Finland and Japan may be at opposite ends of the scale when it comes to the size of their populations, but the links between the two countries are very close, according to Finnish Ambassador Eero Salovaara.
“There are only 5.2 million of us Finns, but there are 4.5 million mobile phones and 2 million saunas in our country,” he said. “That shows we’re quite a small country that is highly industrialized and very high-tech — but we haven’t forgotten our traditions.”
In an interview with The Japan Times, Salovaara emphasized the importance of foreign trade to Finland, with Japan the key trading partner in Asia and only ranking behind European Union nations and the United States in terms of overall trade.
Almost half of Finland’s trade is based on wood products, ranging from paper pulp to traditional-style log houses, which have a “very good market here in Japan,” Salovaara said. Other major areas of Finnish expertise include information technology, components and machinery.
Finland marked its Independence Day on Saturday, but it was decided there would be no official reception because the date fell on a weekend.
Finland and Japan will mark the 85th anniversary of the establishment of diplomatic relations next year, with the government in Helsinki recognizing the importance of the bilateral relationship shortly after Finland won its independence in 1917. Within two years, the first envoy had been dispatched to Tokyo.
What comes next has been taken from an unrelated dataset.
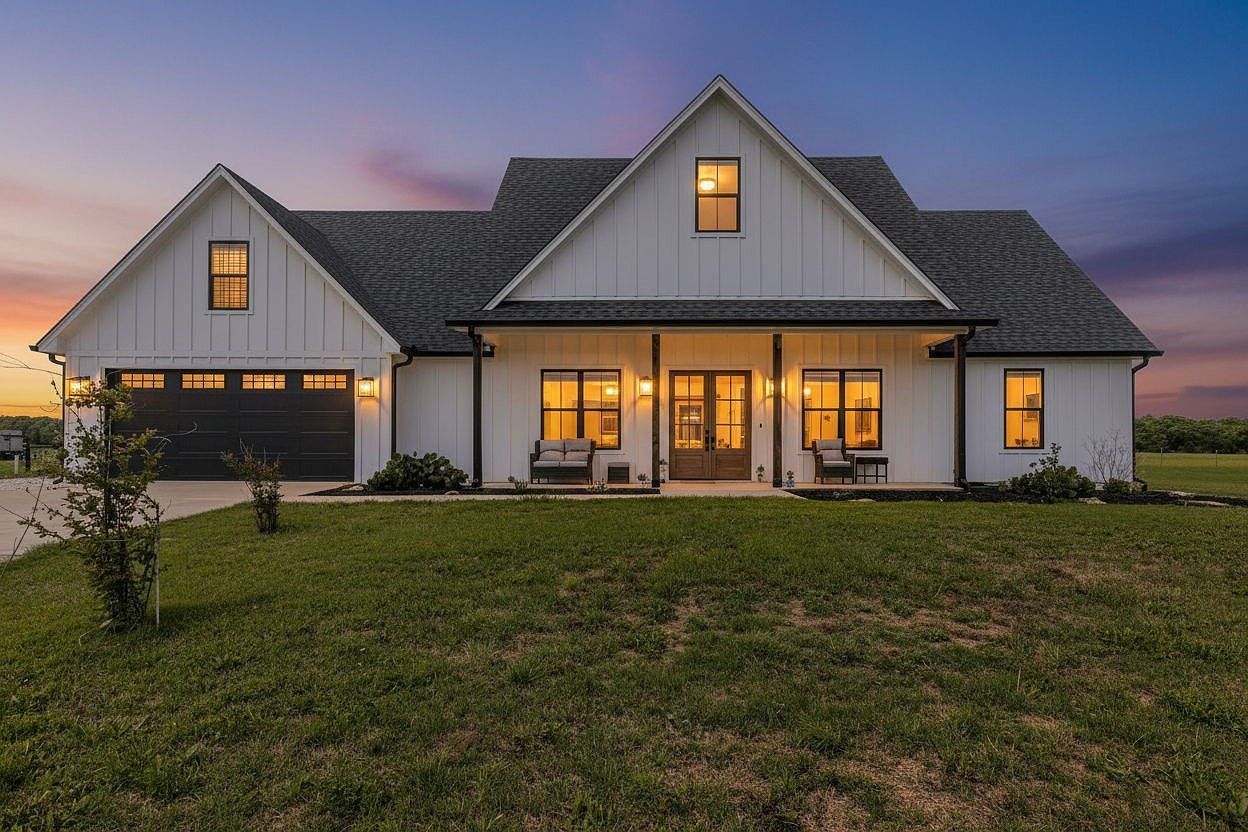 289 E Bell Rd Waco, TX 76705  | Single Family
Finnair, the national airline, has recently introduced three direct flights from Osaka to Helsinki, complementing the two flights direct from Narita airport. With a flight time of just nine hours, Finland is the closest part of Europe to Japan, which comes as a surprise to many, Salovaara noted.
And while the direct flights have helped businesspeople in both countries increase trade, they have also opened up the wide open spaces of Finland to tourists from Japan.
“When you come to Finland, it is nature that welcomes you,” Salovaara said. “Whether it is winter or summer, nature is all around you. What is also appealing to many people is also that we are so few and Helsinki is really just a small town. The rest of the country is forests and lakes.”
Many Japanese are attracted to Lapland in the far north during winter, seeking to track down Santa Claus, while others go to see the aurora borealis, he added.
“We are welcoming more and more Japanese tourists to Finland each year, with Japanese at No. 10 in the list of foreign visitors,” Salovaara said. “And Japanese tourists are the best in the world because only the best is good enough for them. They always use the first-class facilities.”
Japanese tourists spent 136,000 nights in Finland last year, with Swedes and Germans the most frequent visitors.
The embassy has also been running the “Feel Finland” campaign in recent months, aiming to raise the general level of awareness of the country. Events have included visits by symphony orchestras, which performed works by one of Finland’s most famous sons, Jean Sibelius, as well as design expositions and seminars examining scientific and social matters.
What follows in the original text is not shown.